After escaping the jihadists, the lady had to go into hiding. She knew nothing of jihad, she was just a random Japanese woman who was very lonely and trusted the wrong people, but she was aware she’d been sucked into something really bad and was absolutely terrified of what she called “The Organization.” And they called her repeatedly, even after she got a new phone number, harassing her and demanding she come back to them.

If this lady had not happened to encounter a sympathetic American with a common language that the people at the mosque couldn’t understand, by now she’d probably be either dead or branded a terrorist and confined in either a refugee camp in Syria or a prison in Japan. I do not know if ISIS had Japanese members who survived, and how Japan chose to deal with them. Some countries repatriate and imprison their citizens that joined ISIS and some have let them languish in the Syrian refugee camps to this day.

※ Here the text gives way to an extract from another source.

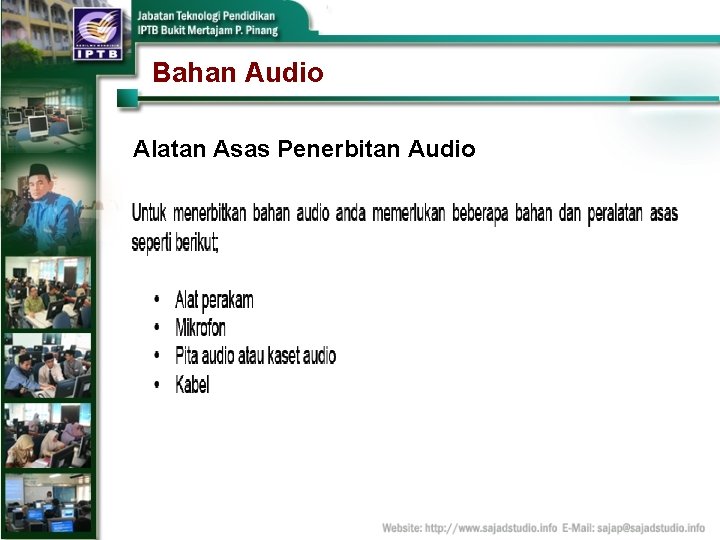 Bahan Audio Alatan Asas Penerbitan Audio 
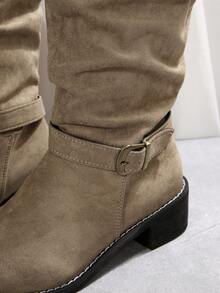 Botas de piel de imitación con hebilla de estilo occidental y casual, de media pantorrilla, para uso diario. Nuevas botas de montar de tacón grueso y vintage para boda, fiesta, oficina, hogar y exterior, para verano y otoño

The American wrote his book which I am reading now. He said the fact that the Japanese woman chose to remain in Cairo after leaving the mosque indicated she was “incorrigible” and “immune to help.” He almost seemed to regret rescuing her. But this book came out in 2016, before the cataclysmic fall of the ISIS caliphate. I’m sure, knowing what he does now, the reporter is very glad he helped that lady escape the mosque.

I am not surprised jihadist recruiters did this sort of thing, luring foreign non-Muslims as well as foreign Muslims. I had not previously seen a story like this one though. I wonder how many other women wound up in that situation.

Thomas Spence and John Rodgers missing for 50 years yesterday

The BBC has done an article appealing for information on the ice-cold case of 11-year-old Thomas Spence and 13-year-old John Rodgers, who disappeared together while waiting for the school bus in Belfast, Northern Ireland on November 26, 1974. I think the quote from the police saying their disappearances are “unexplained and potentially suspicious” is kind of funny. Of COURSE the disappearance of two children without a trace for FIFTY YEARS is going to be considered suspicious. I highly doubt these boys ran away and just decided never to contact home again.

In 2001 someone was arrested on suspicion of murder, and two houses were searched, but nothing was found and the suspect (who was not publicly named, per British privacy regulations) was released. He was 69 at the time so he may be dead now. If still alive he’d be in his nineties.

The article also mentions that the boys’ case was featured in a documentary (I can’t find it streaming anywhere but the trailer is here) and suggests the boys’ case was linked with a pedophile network that also found victims in the Kincora Boys’ Home.

Who knows what happened. At this point, unless their bodies are found, I think it’s unlikely that we will find out.